From another terminal or host, call the published hostname:

curl -fsS "https://check.t.${RSTREAM_ENGINE_HOST}/"

That final request proves the full path: public DNS, public TLS, engine routing, authenticated agent control channel, and upstream application reachability.

Operate The Deployment

Pin image tags in production. Treat an engine upgrade as an edge runtime change: pull the intended version, restart the engine service, and watch logs until listeners are up again.

docker compose pull engine
docker compose up -d engine
docker compose logs --tail=100 engine

Expect agents to reconnect when the engine restarts. Live tunnels are in memory, so agent retry behavior is part of the deployment contract.

Keep the JWT secret and issued tokens on a rotation schedule. CE currently validates one configured shared secret, so a secret rotation means issuing new agent tokens, updating the engine secret, restarting the engine, and restarting agents with the new tokens in the same maintenance window.

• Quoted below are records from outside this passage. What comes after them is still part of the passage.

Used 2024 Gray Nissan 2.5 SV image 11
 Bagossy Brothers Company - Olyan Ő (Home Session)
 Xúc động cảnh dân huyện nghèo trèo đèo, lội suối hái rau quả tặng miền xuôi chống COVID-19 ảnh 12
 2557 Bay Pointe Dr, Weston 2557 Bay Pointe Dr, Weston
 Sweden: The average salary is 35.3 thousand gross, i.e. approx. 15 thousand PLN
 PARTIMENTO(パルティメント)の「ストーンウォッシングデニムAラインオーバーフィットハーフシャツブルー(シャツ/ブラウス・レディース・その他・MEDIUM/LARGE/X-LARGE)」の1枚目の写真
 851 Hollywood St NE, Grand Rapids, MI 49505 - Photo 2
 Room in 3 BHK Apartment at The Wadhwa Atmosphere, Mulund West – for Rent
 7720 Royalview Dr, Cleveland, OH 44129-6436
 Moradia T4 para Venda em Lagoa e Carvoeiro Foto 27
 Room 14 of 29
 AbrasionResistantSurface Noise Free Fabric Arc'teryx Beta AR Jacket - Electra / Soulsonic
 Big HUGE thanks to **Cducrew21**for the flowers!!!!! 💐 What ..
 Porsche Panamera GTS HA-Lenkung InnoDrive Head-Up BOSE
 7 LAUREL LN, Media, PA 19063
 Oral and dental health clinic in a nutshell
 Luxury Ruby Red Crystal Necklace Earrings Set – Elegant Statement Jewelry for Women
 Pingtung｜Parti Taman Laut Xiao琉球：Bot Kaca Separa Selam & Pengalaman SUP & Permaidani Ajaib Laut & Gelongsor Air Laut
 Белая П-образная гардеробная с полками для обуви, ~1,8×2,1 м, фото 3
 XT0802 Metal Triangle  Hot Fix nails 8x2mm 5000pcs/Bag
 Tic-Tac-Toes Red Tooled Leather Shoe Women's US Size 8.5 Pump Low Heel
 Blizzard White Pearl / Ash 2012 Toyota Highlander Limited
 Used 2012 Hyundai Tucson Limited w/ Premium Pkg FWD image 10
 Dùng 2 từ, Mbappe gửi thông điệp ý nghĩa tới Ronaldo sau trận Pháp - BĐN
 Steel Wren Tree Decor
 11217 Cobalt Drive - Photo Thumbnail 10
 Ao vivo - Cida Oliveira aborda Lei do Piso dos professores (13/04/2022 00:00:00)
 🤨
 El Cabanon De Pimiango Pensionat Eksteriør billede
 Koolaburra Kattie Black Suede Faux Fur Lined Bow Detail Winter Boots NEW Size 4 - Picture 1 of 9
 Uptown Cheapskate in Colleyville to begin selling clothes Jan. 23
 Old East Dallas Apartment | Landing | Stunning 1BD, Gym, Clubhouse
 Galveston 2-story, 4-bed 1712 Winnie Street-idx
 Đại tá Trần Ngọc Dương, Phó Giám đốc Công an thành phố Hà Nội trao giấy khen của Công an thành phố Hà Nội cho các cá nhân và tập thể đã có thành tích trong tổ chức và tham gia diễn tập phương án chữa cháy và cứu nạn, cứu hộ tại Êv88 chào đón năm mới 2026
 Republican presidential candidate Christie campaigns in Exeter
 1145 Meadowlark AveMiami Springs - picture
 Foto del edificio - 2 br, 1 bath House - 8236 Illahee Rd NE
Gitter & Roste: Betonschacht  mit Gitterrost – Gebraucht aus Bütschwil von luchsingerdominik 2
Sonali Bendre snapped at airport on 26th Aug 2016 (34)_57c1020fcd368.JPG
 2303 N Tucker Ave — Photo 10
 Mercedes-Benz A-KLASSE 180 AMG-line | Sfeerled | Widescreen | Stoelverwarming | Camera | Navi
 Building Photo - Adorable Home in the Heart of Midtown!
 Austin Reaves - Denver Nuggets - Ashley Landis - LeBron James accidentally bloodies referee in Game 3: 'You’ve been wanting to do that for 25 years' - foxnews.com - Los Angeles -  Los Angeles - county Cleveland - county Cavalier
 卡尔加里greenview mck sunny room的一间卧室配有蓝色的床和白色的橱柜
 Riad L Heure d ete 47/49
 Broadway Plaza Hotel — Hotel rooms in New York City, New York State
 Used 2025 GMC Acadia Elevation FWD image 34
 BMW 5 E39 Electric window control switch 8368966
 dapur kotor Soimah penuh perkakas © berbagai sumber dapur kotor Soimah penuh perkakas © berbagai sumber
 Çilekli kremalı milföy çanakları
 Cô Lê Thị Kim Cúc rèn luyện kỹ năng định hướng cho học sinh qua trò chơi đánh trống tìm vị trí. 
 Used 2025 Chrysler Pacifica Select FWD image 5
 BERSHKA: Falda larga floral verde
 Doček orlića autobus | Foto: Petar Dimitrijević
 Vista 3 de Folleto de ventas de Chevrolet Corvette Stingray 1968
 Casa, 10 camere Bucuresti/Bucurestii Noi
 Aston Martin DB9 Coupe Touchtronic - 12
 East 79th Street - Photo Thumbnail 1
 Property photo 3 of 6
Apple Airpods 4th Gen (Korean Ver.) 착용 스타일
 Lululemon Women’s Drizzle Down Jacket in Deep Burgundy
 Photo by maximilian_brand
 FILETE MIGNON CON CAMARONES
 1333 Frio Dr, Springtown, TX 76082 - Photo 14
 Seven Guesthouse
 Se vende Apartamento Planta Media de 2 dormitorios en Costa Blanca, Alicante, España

Stop the local validation stack when you are done:

docker rm -f rstream-ce-agent >/dev/null 2>&1 || true
docker compose down -v

Troubleshooting

If the engine exits with missing Prometheus bearer token for non-loopback listen address, either bind metrics to 127.0.0.1:9090 inside the container or set RSTREAM_ENGINE_METRICS__PROMETHEUS__BEARER_TOKEN.

If the validation agent cannot resolve edge.localhost.rstream.test in the local stack, confirm the engine service has the hostname listed under networks.edge.aliases and that the agent was started with --network "${COMPOSE_PROJECT_NAME}_edge".

If the agent reaches the engine but fails TLS verification, confirm SSL_CERT_FILE=/etc/rstream/tls/ca.crt is set for the local CA test. In production, use a certificate trusted by the operating system.

If the published tunnel hostname does not route, check that the tunnel is online in the agent logs, then call the tunnel host with the exact hostname reported by the agent. In production, verify *.t.<engine-host> DNS.

If a tunnel option is rejected as unavailable, confirm that it is part of the CE scope documented on Self-Hosted. Hosted and private-runtime controls are rejected by the public CE engine.